What is being asked
Would you restate the full listing word for word and omit its pictures?

Entries shown
====
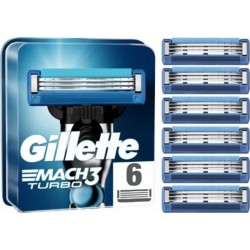 Gillette Lames de rasoir turbo MACH3 x6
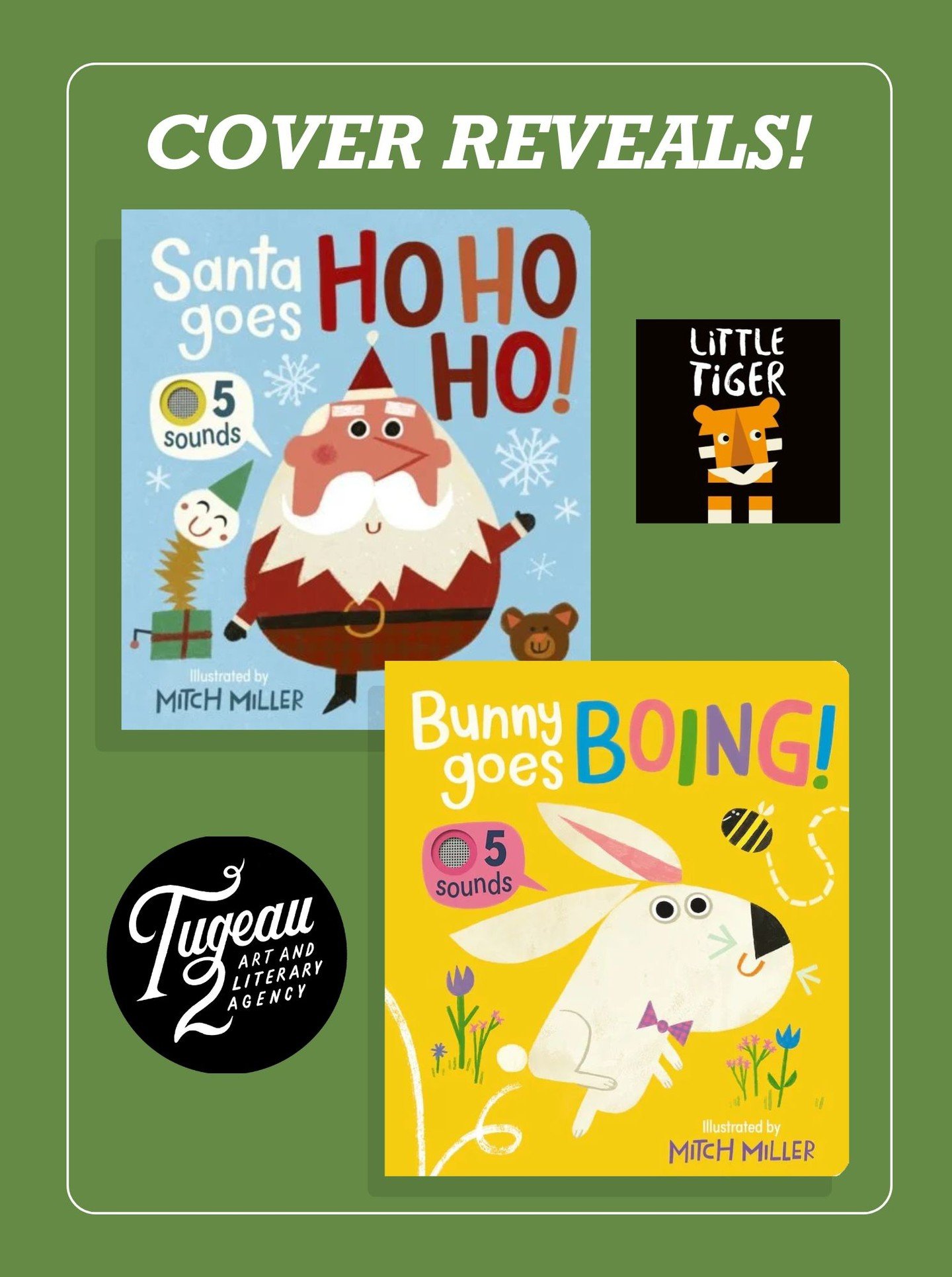 SANTA GOES HO HO HO!

A funny Christmas sound book for children ages 2-5, the second in a brand-new series!

Santa goes through the naughty list.
Santa goes down the chimney.
Santa goes&hellip;Ho Ho Ho!

Five favorite winter characters are waiting to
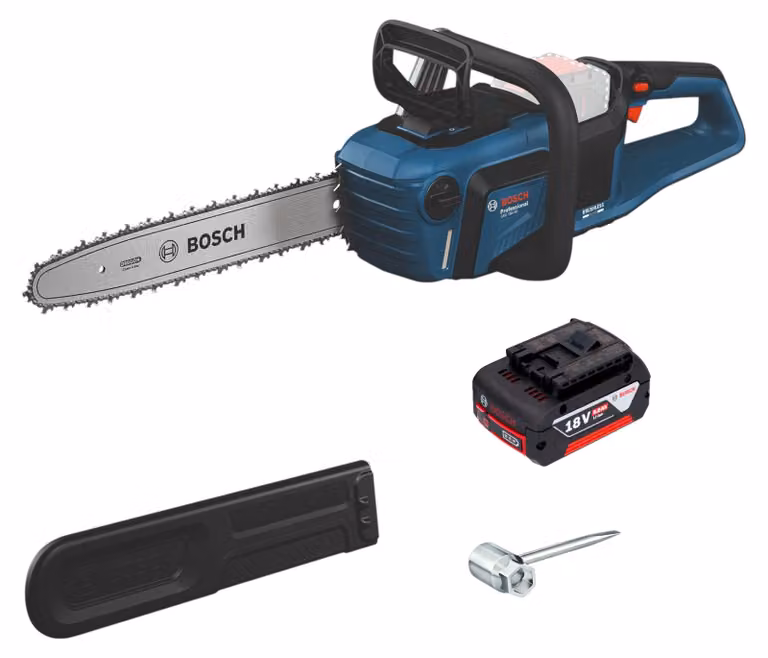 Bosch GKE 18V-40 Motosega professionale a batteria 18 V 40 cm senza spazzole ( 06008D3000 ) Solo - senza batteria, senza caricabatterie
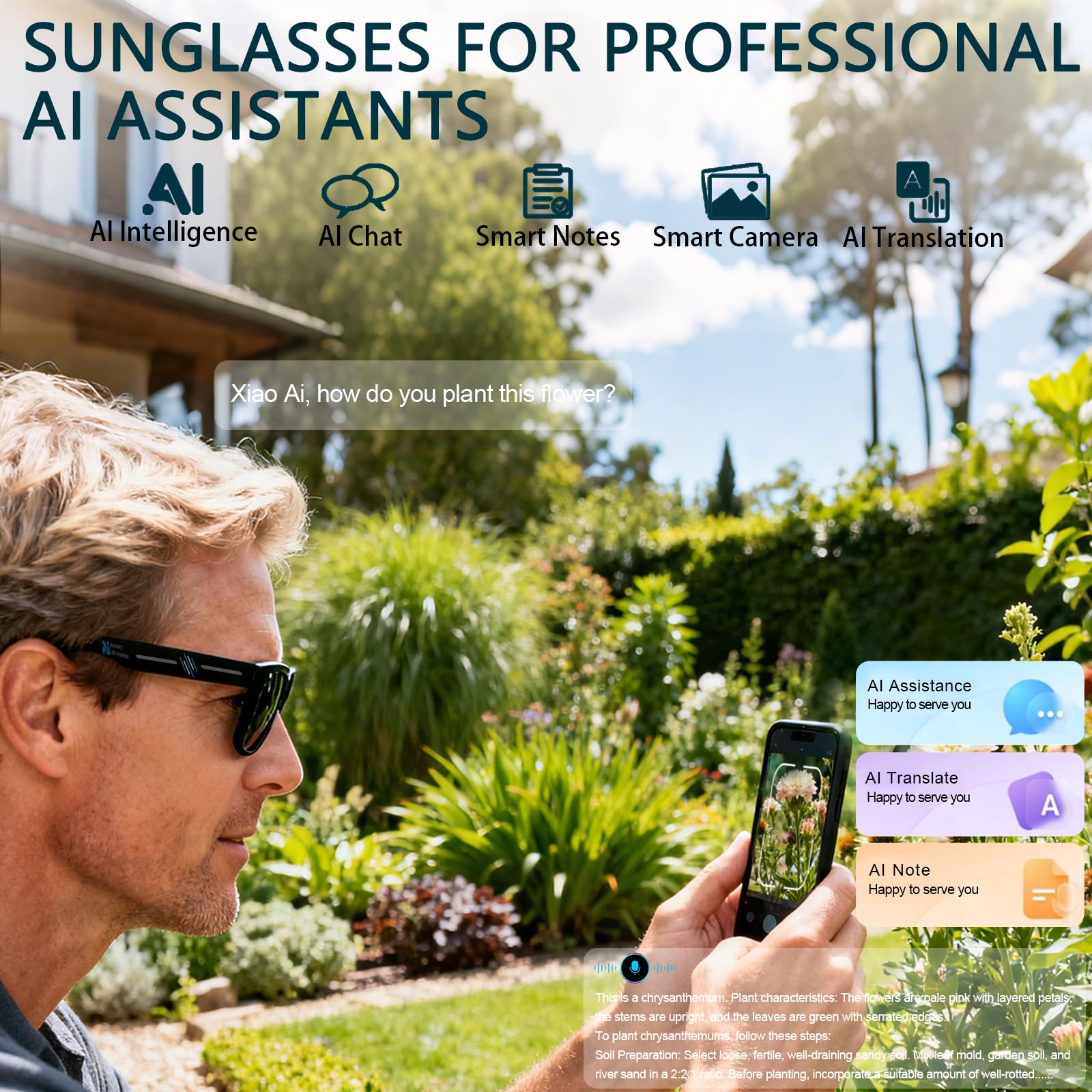 Black Smart Ai Glasses for Men - Audio Music Video review and price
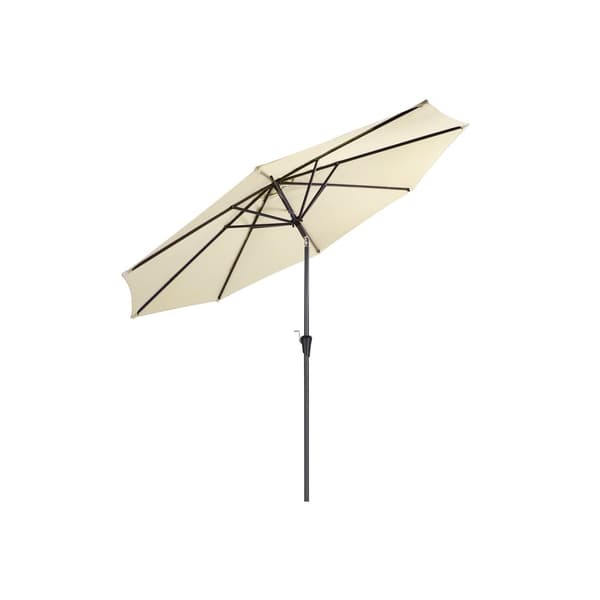 Parasol, SONGMICS, Ø 300 cm, Beige.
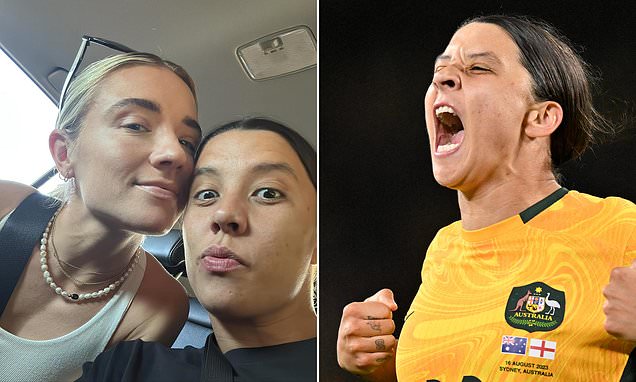Sam Kerr lors d'un entraînement avec Chelsea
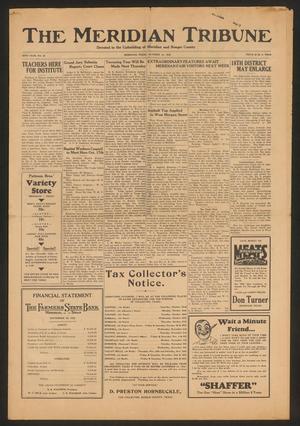 The Meridian Tribune (Meridian, Tex.), Vol. 39, No. 20, Ed. 1 Friday, October 14, 1932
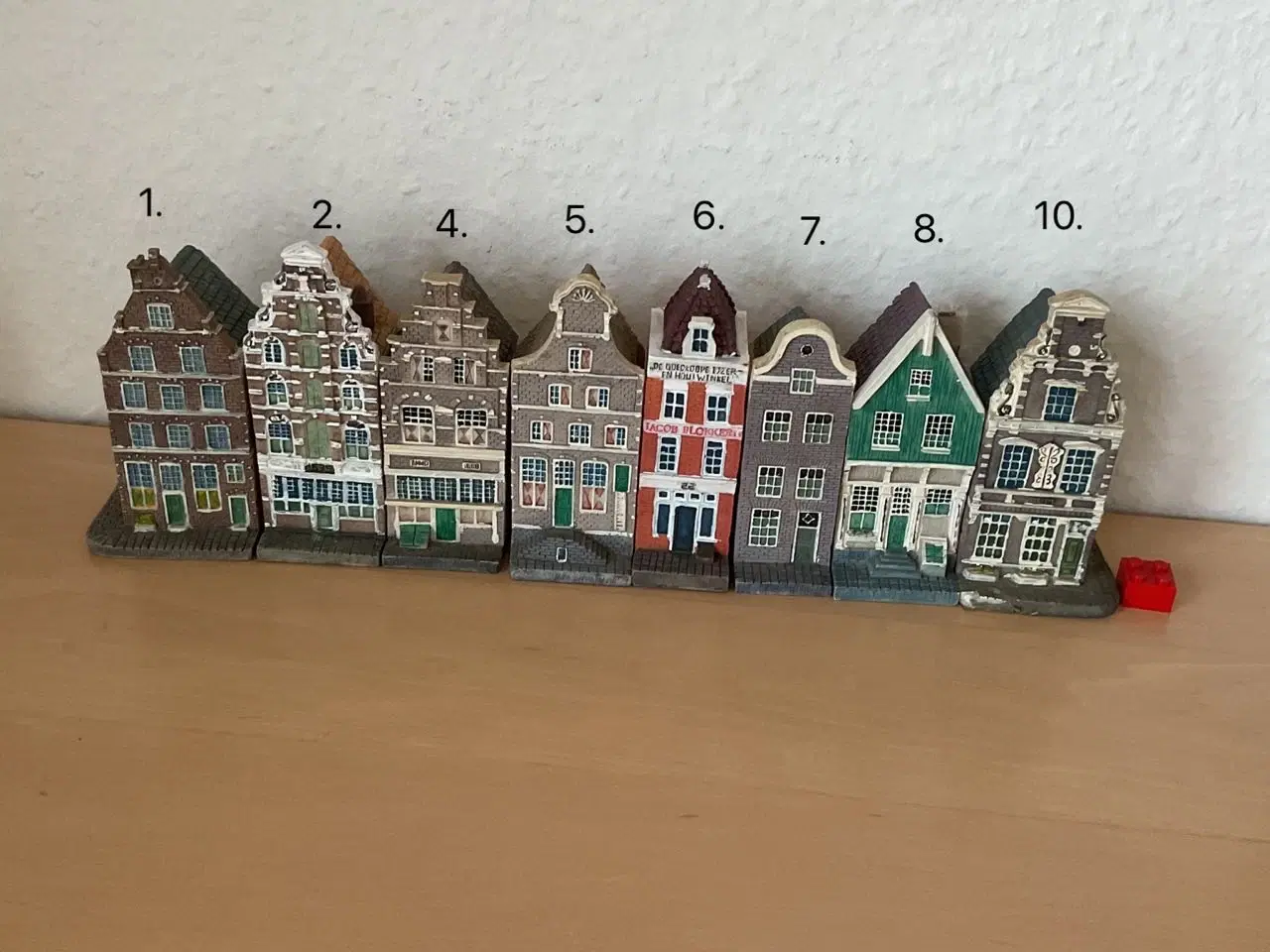 Billede 2 - Hollandske kanalhuse. Vintage samlerobjekt 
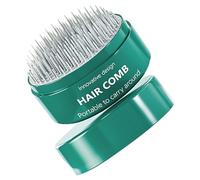 POPETPOP Brosse à Cheveux Mini Portable Verte pour Femmes Peigne à Coussin Air Démêlant et Massant Brosse Paddle Douce pour Massage Du Chevelu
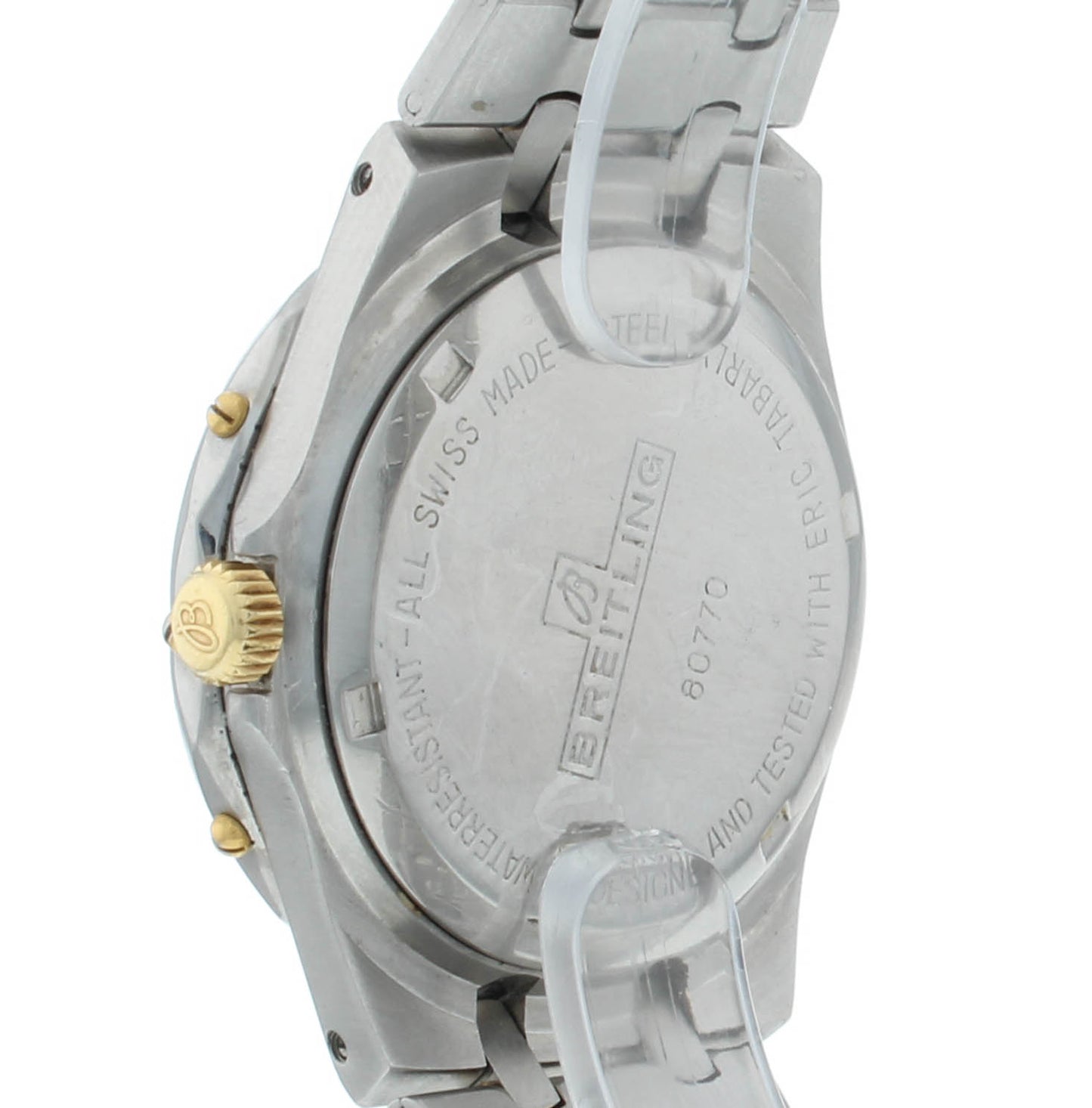 Breitling Eric Tabarly Quartz 35mm Two-Tone Steel Beige Dial Vintage Men's Watch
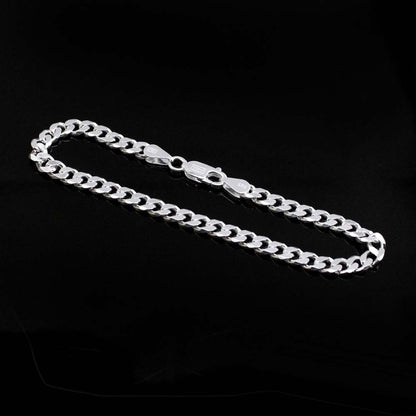 Solid Genuine 925 Sterling Silver Men's Bracelet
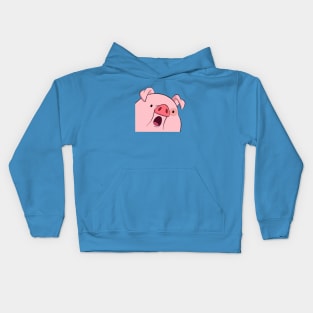 Waddle Monster Scream Kids Hoodie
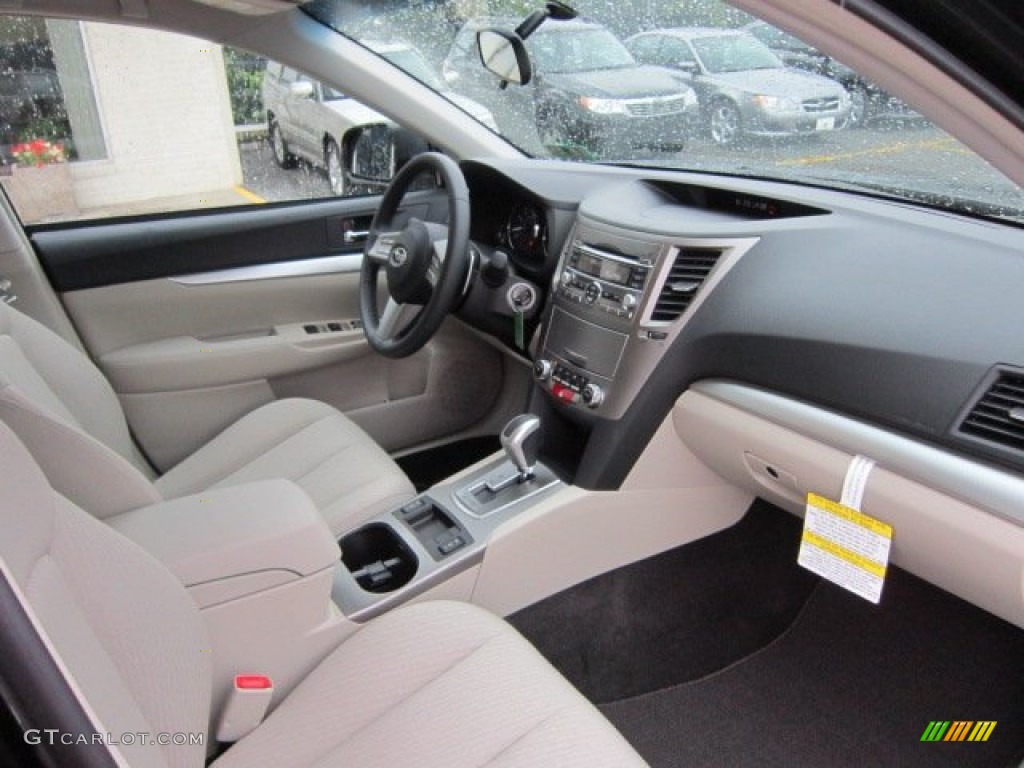 2011 Outback 2.5i Premium Wagon - Crystal Black Silica / Warm Ivory photo #6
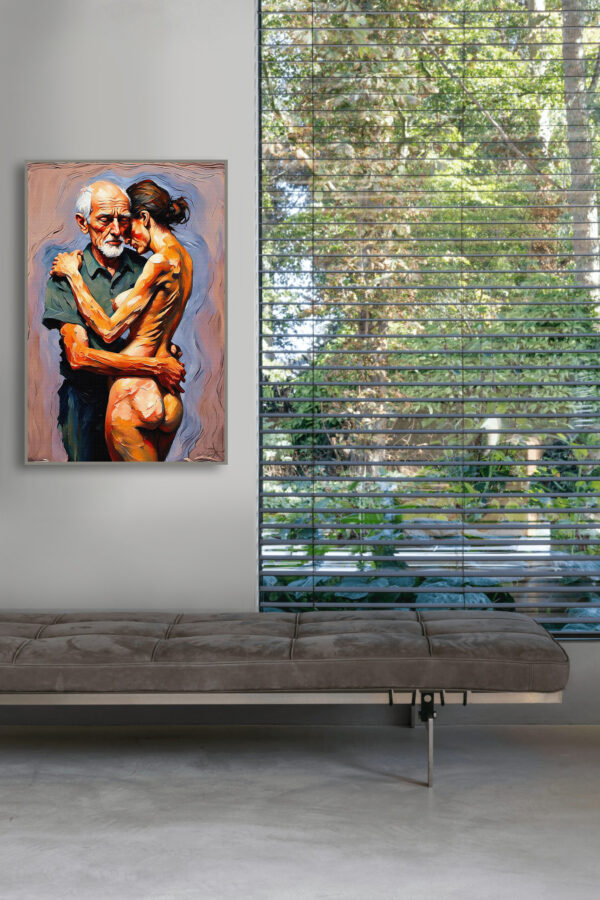 Thin Couples5 20x30 acrylic by Sam Schwartz room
====
Exercise result
 Gillette Lames de rasoir turbo MACH3 x6
 SANTA GOES HO HO HO!

A funny Christmas sound book for children ages 2-5, the second in a brand-new series!

Santa goes through the naughty list.
Santa goes down the chimney.
Santa goes&hellip;Ho Ho Ho!

Five favorite winter characters are waiting to
 Bosch GKE 18V-40 Motosega professionale a batteria 18 V 40 cm senza spazzole ( 06008D3000 ) Solo - senza batteria, senza caricabatterie
 Black Smart Ai Glasses for Men - Audio Music Video review and price
 Parasol, SONGMICS, Ø 300 cm, Beige.
Sam Kerr lors d'un entraînement avec Chelsea
 The Meridian Tribune (Meridian, Tex.), Vol. 39, No. 20, Ed. 1 Friday, October 14, 1932
 Billede 2 - Hollandske kanalhuse. Vintage samlerobjekt 
 POPETPOP Brosse à Cheveux Mini Portable Verte pour Femmes Peigne à Coussin Air Démêlant et Massant Brosse Paddle Douce pour Massage Du Chevelu
 Breitling Eric Tabarly Quartz 35mm Two-Tone Steel Beige Dial Vintage Men's Watch
 Solid Genuine 925 Sterling Silver Men's Bracelet
 Waddle Monster Scream Kids Hoodie
 2011 Outback 2.5i Premium Wagon - Crystal Black Silica / Warm Ivory photo #6
 Thin Couples5 20x30 acrylic by Sam Schwartz room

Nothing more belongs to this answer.